I would want to avoid purely focusing on crypto, because I think the meta-lesson I might take away is less "crypto bad" and more "make sure donors and influential community members are accountable," whether that be to regulators, independent audits, or otherwise. (And accountable in a real due diligence sense, because it's easy for that word to just be an applause light.) But yes, skepticism of crypto-linked donors would be justified under this framework.
I think you may be getting a lot of disagree-votes because I don't think crypto was the issue here. People who just have USD sitting in FTX right now lost their money too.

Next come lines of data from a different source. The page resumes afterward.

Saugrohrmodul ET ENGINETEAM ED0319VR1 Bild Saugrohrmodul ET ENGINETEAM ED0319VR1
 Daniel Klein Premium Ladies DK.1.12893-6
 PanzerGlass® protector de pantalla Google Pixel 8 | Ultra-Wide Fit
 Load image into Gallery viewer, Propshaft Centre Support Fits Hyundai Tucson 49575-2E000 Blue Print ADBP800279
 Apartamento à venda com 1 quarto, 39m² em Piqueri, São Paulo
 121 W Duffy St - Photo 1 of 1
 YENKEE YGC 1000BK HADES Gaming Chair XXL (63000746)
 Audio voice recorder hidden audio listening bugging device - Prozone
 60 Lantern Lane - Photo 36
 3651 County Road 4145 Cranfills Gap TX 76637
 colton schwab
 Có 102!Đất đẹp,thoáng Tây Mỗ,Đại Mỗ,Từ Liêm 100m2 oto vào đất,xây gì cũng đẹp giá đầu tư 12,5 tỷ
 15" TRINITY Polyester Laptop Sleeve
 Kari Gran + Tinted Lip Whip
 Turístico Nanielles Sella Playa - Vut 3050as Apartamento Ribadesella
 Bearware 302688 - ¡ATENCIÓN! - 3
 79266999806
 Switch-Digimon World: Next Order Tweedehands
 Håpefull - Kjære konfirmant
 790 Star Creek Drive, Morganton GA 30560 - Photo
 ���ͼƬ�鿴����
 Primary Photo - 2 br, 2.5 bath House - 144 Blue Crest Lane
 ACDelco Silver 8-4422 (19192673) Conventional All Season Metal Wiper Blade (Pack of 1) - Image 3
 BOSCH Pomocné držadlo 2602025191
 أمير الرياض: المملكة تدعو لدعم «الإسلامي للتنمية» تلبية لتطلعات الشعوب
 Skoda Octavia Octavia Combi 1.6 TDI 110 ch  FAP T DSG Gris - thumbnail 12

FTX shouldn't have been risky. It wasn't a DAO, or based entirely off some token or chain, it was an exchange. It should have just been connecting people who wanted to buy crypto with people who wanted to sell crypto, and taking a fee for doing this. The exchange itself shouldn't be taking any risk.
The reason as to how looks at least in part to do with leveraged transactions, allowing customers to buy more crypto by supplementing their purchase with a loan. But we've let leveraged transactions happen with stock for a hundred years. This looks a lot more like garden-variety financial crime than some problem with crypto.
I do see a significant moral difference between allowing people to make potentially risky decisions and deceiving them about how much risk is involved. As an exchange, FTX was theoretically just serving to coordinate buyers and sellers who wanted to transact in the first place. If you believe that at least a portion of crypto is merely volatile and not fraudulent, then you're just facilitating risky decisions, not scamming people. Doubly so if you believe even a tiny subset of DeFi provides net value, as many of FTX's customers still believe.
But in practice FTX was taking much more risky behavior, without telling its users, and in fact explicitly denying that such behavior was occurring. Nobody thought it was risky to deposit USD into FTX, if you hadn't bought any crypto. FTX assured users it wasn't. But if you have USD sitting on the site right now, there's a good chance you're never getting it back. To state the obvious: that's fraud, and it's wrong. And I think it's different than letting people take risks if they want to.